“In viaggio con Umberto Eco”, il ricordo di Franciscu Sedda

E’ morto nella notte Umberto Eco, 84 anni, semiologo e grande esperto di comunicazione. Di seguito il ricordo di Franciscu Sedda, ricercatore in Semiotica all’Università Tor Vergata di Roma, che lo aveva ospitato a Carloforte nel giugno del 2010 in occasione del “Festival Uize” dedicato alle isole e organizzato dallo stesso Sedda.
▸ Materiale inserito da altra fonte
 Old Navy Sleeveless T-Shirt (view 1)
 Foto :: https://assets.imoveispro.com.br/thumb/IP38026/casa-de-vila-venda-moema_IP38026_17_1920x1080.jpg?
Cullato dalle onde del mare e dal tremolio del traghetto che da Portoscuso porta a Carloforte, il prof si gode il tiepido sole del tardo pomeriggio di fine giugno. Poi d’improvviso – il sogno ad occhi aperti è arrivato al punto – attacca con la sua voce profonda e un po’ roca: “In ciassa de Ferrari, carruggi e carruggin, gh’è certe scignurigne…”. E mentre Danko e Ornella sobbalzano e tutti gli altri sul ponte si girano a guardare io non posso che fargli eco, aggiungendomi al canto che celebra le “signorine” dei vicoli genovesi: “…che se fan ballò i tetin! / Olidin, olidin, olidena, sabbu a Camuggi, dumenega a Zena…”. Il viaggio ha inizio.

***

Il viaggio ha inizio. Ed è un gran viaggiare.
Si va per le isole del senso, esplorando reti del sapere, trascinati da sferzate d’ironia. Portolani ed enciclopedie, mappe e fiabe, fumetti e film, trattati e ricordi personali. Genio individuale e memoria collettiva, erudizione e cultura popolare, immaginazione e storia. Tutto si somma, tutto si compone. Come in una gigantesca, incarnata, ekphrasis: l’immagine del sapere si rende percepibile a tutti, penetrante come un coinvolgente canto.

Canto di sirene. Come quelle che popolano le isole che proprio perché non si trovano vale la pena di cercare. Canto corale. Come quello che il narratore crea e dona di ritorno dal viaggio avventuroso, oltre i limiti del conosciuto ai comuni mortali. E viaggiano, sì che viaggiano. Professori universitari di mezzo mondo a fianco alle mie zie carlofortine. Amiche e amici accorsi dal resto di Sardegna e turisti di passaggio in questo lembo di Mediterraneo. Tutti incantanti, trascinati dal racconto, avvolti dal linguaggio.

Nella penombra del Cinema Mutua la voce di Umberto Eco espande se stessa e i confini della sala, di Carloforte, della Sardegna, del mondo. Seduti a terra, assiepati lungo i muri, giovani e vecchi, donne e uomini, studiati e non studiati – come si dice dalle nostre parti – si lasciano trasportare dalla relazione. Nella relazione.

“Perché l’isola non viene mai trovata”. È il titolo e la sintesi, è risposta ed è domanda, è testo ed è pretesto, è invito alla curiosità e forma del sapere. Umberto Eco guida la nave di isola in isola, di testo in testo. Ci rifà nuovi bordeggiando. Passa un’ora e sembra un secondo. O un’infinità. Una specie di Aleph.

***

“…Olidin, olidin, olidan, sabbu a Camuggi, dumenega a Prà!”, concludiamo all’unisono.

“La sai?”

“A Carloforte la cantiamo ad ogni festa”

“Io la cantavo da bambino quando andavo in vacanza in Liguria. L’ultima volta l’ho cantata con Renzo Piano… al funerale di Luciano Berio!”.

Ancora risuona l’eco di una travolgente risata.